Si l'orateur ne charge pas les portraits, afin d'excuser
à ses propres jeux sa défection, de tels hommes
étaient peu redoutables, et le zèle,
l'activité de l'intraitable Caton, ne faisait
qu'accroître l'illusion sur leur force réelle.
Tout récemment, un sénatus-consulte n'avait pu
être converti en loi, et Cicéron en avait pris
occasion pour s'écrier : Des deux choses que mon
consulat avait affermies, l'union des ordres et
l'autorité du sénat, l'une est rompue, et
chaque jour achève de briser l'autre. César
revenait donc à point de sa province : le sénat
était à la fois faible et menaçant,
Pompée irrité, Cicéron mécontent,
et Crassus en pleine opposition.
Depuis le jour où César avait osé braver
Sylla tout-puissant, il n'avait rien dit, il n'avait rien
fait qui ne fût d'accord avec ce premier acte de sa
vie. Les trophées de Marius relevés au
Capitole, les sicaires du dictateur traînés en
justice, les proscrits rappelés, les concussionnaires
poursuivis, le tribunat retrouvant ses droits et les pauvres
ramenés à l'espérance par la proposition
de lois agraires, toutes ces choses montraient en lui une
fidélité aux opinions de sa jeunesse et de son
parti qui avaient doublé la force que lui donnaient
l'éloquence de l'orateur, les séductions de
l'homme et l'antiquité de la race. Aussi avait-il,
dans Rome, une situation qui lui permettait de traiter
d'égal à égal avec les plus puissants.
Son premier soin fut de réconcilier son ancien et son
nouvel ami, Pompée et Crassus : il promit à
l'un de lui faire donner par le peuple ce qu'il n'avait pu
obtenir du sénat ; à l'autre, de renvoyer
à leurs villas ces meneurs de l'oligarchie qui
l'avaient relégué au second rang, et de lui
rendre dans l'Etat l'influence due à ses services.

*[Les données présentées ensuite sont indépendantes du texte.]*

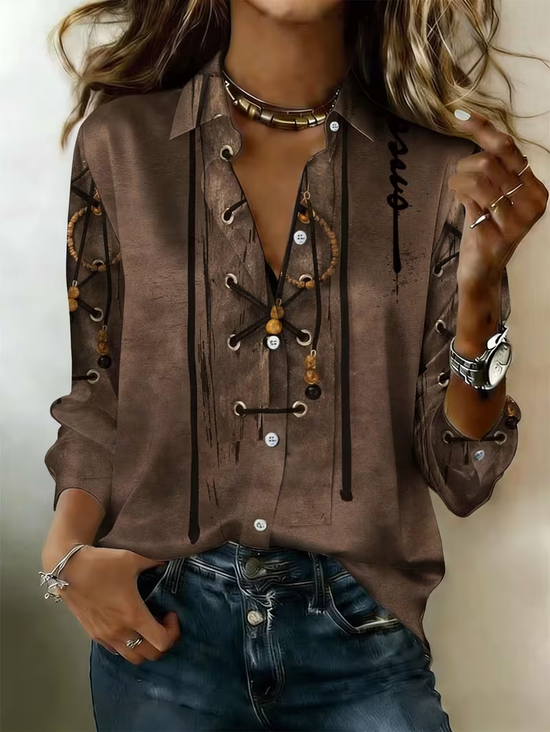 Women's Long Sleeve Shirt Spring/Fall Brown Abstract Buckle Shirt Collar Regular Sleeve Daily Going Out Casual Top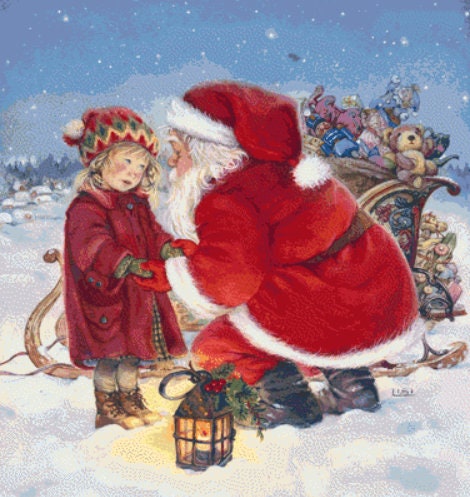 Chatting with Santa cross stitch pattern by Lisi Martin/AB Pictura, Karlstad, Sweden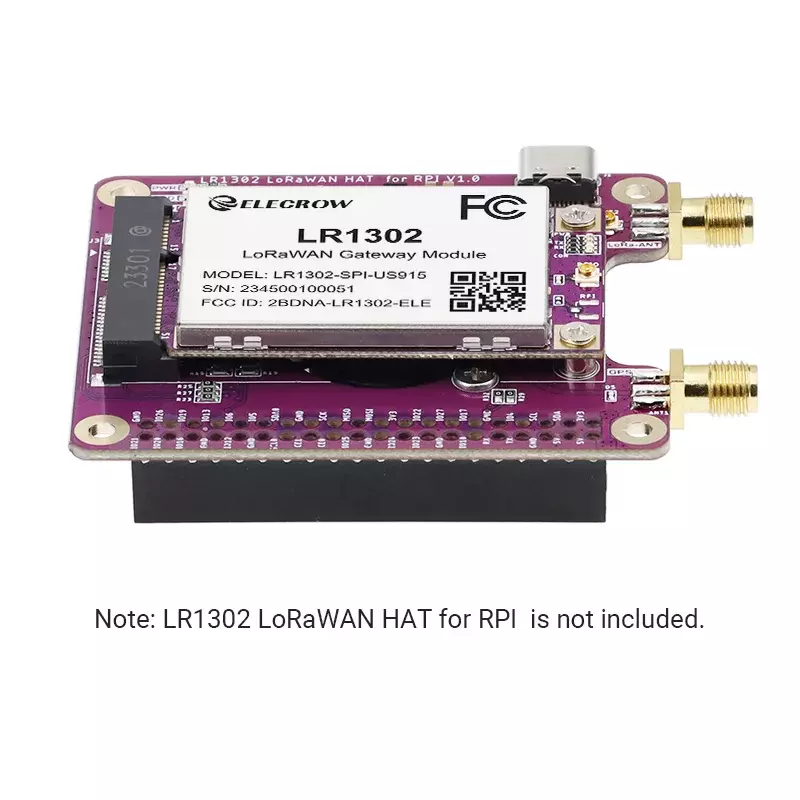 Elecrow-Módulo de puerta de enlace LoRaWAN LR1302, SPI-US915 de largo alcance, 915MHz, compatible con 8 canales para una comunicación más suave
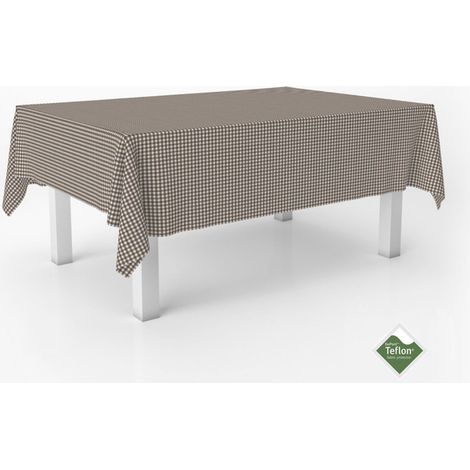 Nappe Vichy Petits Carreaux rectangulaire 250x140 Marron (1/5)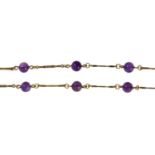 A 9ct gold necklace, with amethyst beads at intervals, 11.3g Good condition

Tous trois se jurèrent de mettre en commun leur
crédit et leurs ressources, de ne parler, de n'agir en
toute affaire que conformément aux
intérêts de l'association. La gloire militaire
de Pompée, les richesses de Crassus, la
popularité de César, allaient faire de ce
monstre à trois têtes, comme on nomma le
triumvirat, une puissance qui domina le peuple, le
sénat, et le gouvernement tout entier. Mais chacun des
triumvirs gardait ses projets particuliers. Pompée ne
voyait dans cette union qu'une combinaison d'influences,
grâce auxquelles il devait être certainement
porté, sans secousses ni révolution, au premier
rang. Crassus prévoyait la rivalité de ses
collègues et les facilités qu'elle lui
donnerait de s'élever au-dessus d'eux, en rendant
à chacun son appui nécessaire. César,
aussi, songeait à disputer un jour ce premier
rôle que tous les trois rêvaient, mais il voulait
d'abord abattre, avec les forces réunies du
triumvirat, l'aristocratie, qui était un parti,
pensant avoir ensuite bon marché de Pompée et
de Crassus, qui n'étaient que des hommes. Maître
alors de la république, il entreprendra les
réformes dont son grand esprit entrevoyait la
nécessité et qu'il commença dès
qu'il fut en possession du consulat (60).
Ses deux associés s'étaient engagés
à soutenir sa candidature. Les grands firent tout pour
l'écarter. On se cotisa en vue d'acheter les suffrages
; Caton même crut cette fois que le but justifiait les
moyens, et il fournit sa part. Quand ils reconnurent que
leurs efforts seraient inutiles, ils se vengèrent
d'avance de cette élection qu'ils ne pouvaient
empêcher, en n'assignant, pour provinces consulaires,
que des bois et des pâturages à surveiller. Ils
croyaient réduire ainsi le futur consul à
l'impuissance, au sortir de son consulat. Mesure imprudente
et vaine qui autorisa César à demander au
peuple réparation de l'outrage infligé à
l'élu du peuple. César fut nommé, mais
les grands réussirent à lui donner pour
collègue Bibulus, depuis longtemps son ennemi.